| By Justin Elliott - Sep 26th, 2007 at 9:34 pm EDT |
| Also listed in: Campus Progress Blog |
We've all heard by now that Columbia President Lee Bollinger introduced Iranian president Mahmoud Ahmadinejad the other day with a monotonous tirade. Many people have pointed out that the introduction was not only sprinkled with questionable characterizations (for example, Bollinger called him a “cruel and petty dictator” but that’s ludicrous because A'jad is largely a powerless figurehead who was democratically elected to boot). Of course Ahmadinejad should have faced pointed questions—and he did—but as Pat Buchanan said on Hardball, Bollinger went way overboard, probably in part to mollify his donor base.
Well, you know, and Ahmadinejad, what he did, he just played off him beautifully. He said, Look, in Iran, we don‘t invite guests and then insult them to their face, and secondly, we generally let the audience decide whether what they have to say, if they agree or disagree with it. And you‘ve sort of insulted the audience. And then he moved on.
Now John Caruso at The Distant Ocean has dug up the “liberal” Bollinger’s introduction of actual military dictator General Perez Musharraf of Pakistan (Via This Modern World). Keep in mind that Musharraf is not an official state enemy while you read for the difference in, ahem, tone:
Rarely do we have an opportunity such as this to greet a figure of such central and global importance. It is with great gratitude and excitement that I welcome President Musharraf and his wife, Sehbah Musharraf, to Columbia University. ...
We at Columbia are eager to listen. As a community of scholars and as students and faculty who come from everywhere in the world, we take a great scholarly and personal interest in what the President has to say. The development in Pakistan over the past several years, from its economic growth to its fight against extremism and terrorism, are vital issues for all of us. Mr. President, as you share your thoughts and insights you will give our students, the leaders of tomorrow, first-hand knowledge of the world their generation will inherit. ...
"President Musharraf is a leader of global importance and his contribution to Pakistan’s economic turnaround and the international fight against terror remain remarkable - it is rare that we have a leader of his stature at campus," said Lee C Bollinger, the President of Columbia University.
After delivering his introductory speech, Bollinger rushed home to transfer the print of Musharraf's boot from his tongue onto a piece of paper, so he could frame it, hang it above his desk, and admire it lovingly every day.
Bollinger's unwillingness to distinguish an elected president from an actual, flesh and blood dictator, and his eagerness to point out the crimes of official enemies while whitewashing those of official allies, extends to Columbia's World Leaders Forum itself. If you look at their bio link for Musharraf, you'll see this creative rendition of history:
General Pervez Musharraf assumed the office of chief executive of Pakistan in October 1999, having been appointed chief of staff of the army a year earlier. After calling general elections in 2002 and then restoring the constitution, he became president and commander of the armed services of the Islamic Republic of Pakistan in October of that year.

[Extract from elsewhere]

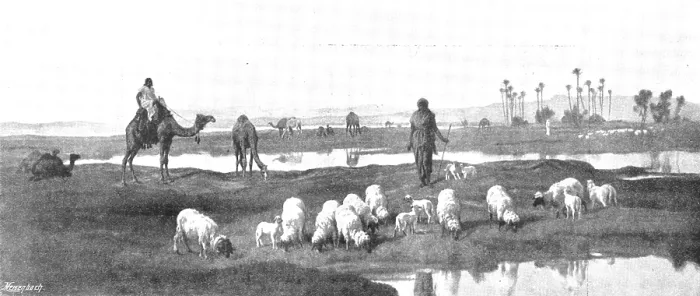 Framed Print : Pictures from the Royal Academy: Laban's Pasture: Jacob Serving for Rachel - F. Goodall, R.A. 1895 Framed Print : Pictures from the Royal Academy: Laban's Pasture: Jacob Serving for Rachel - F. Goodall, R.A. 1895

They source their biographical text completely to a BBC article about Musharraf. So what does that BBC article actually say?
General Pervez Musharraf seized power in a bloodless coup in 1999 which was widely condemned and which led to Pakistan's suspension from the Commonwealth until 2004. ...
In 2002 General Musharraf awarded himself another five years as president, together with the power to dismiss an elected parliament. The handover from military to civilian rule came with parliamentary elections in November 2002, and the appointment of a civilian prime minister.
General Musharraf has retained his military role, reneging on a promise to give up his army post and to become a civilian president.
"Seized power in a bloodless coup"? "Awarded himself another five years as president"? No, no, no, that will never do. Let's see...how about "assumed the office of chief executive of Pakistan" and "became president"? Yeah, that's much better.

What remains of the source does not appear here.